My first impression was that it is a pretty ride. And freaking HUGE. I haven't spent much time around mountain bikes since junior high, so it was quite a surprise. Oh, did I mention I haven't ridden a mountain bike since junior high? Why? Because on my last MTB ride I decided it was cool to ride "no-hands" while cruising downhill and home from school. It took exactly no time to hit the pavement when your right grip hits a mailbox on the side of the street. Oops... Spent some time off-road with BMX during high school until I realized how bad I sucked. End of my cycling life, until triathlon 10 years later. However, I did spend a lot of time on ATVs during all of my life, and I hope that has left me with some off-roading skills.
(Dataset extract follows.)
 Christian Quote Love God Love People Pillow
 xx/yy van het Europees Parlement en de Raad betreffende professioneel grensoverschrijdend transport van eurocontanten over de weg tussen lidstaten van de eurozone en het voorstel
Two days after my bike arrived, I finally got out on the trails. I was planning to head out on easy trails, but couldn't resist turning right instead and heading out to Yetman Trail in Tucson Mountain Park. I know the trail very well from running it once/week, so I figured I'd go for it. MANY thoughts came to mind during the first ride. Among them:
  1. What was I doing for so many years without a mountain bike?
  2. How am I going to force myself to ride my road bike again?
  3. How am I going to force myself to get off this thing?
  4. Oh crap, what time do I need to pick up the girls?!
As I literally laughed out loud on the final descent, I knew that I had a new addiction. It literally took one ride for me to get excited about riding again after a frustrating 2009. So, I have been going for it since in preparation for Xterra West. It has been quite a learning process. I came to realize the extent of hiking in mountain biking. And the extent of blood. I have not hurt myself much (just some bruises, strawberries, and what-not), but come back scraped every time, and leg shaving has become near-impossible. Anyway, ~4 off-road rides per week with a TON of riding, and 29 days after getting my bike, time for Xterra West Championship at Lake Las Vegas!!

The Friday before the race, I took one last ride at Sweetwater Trails in Tucson. It was a GREAT, confidence-building ride, and I felt ready to take on a tough course.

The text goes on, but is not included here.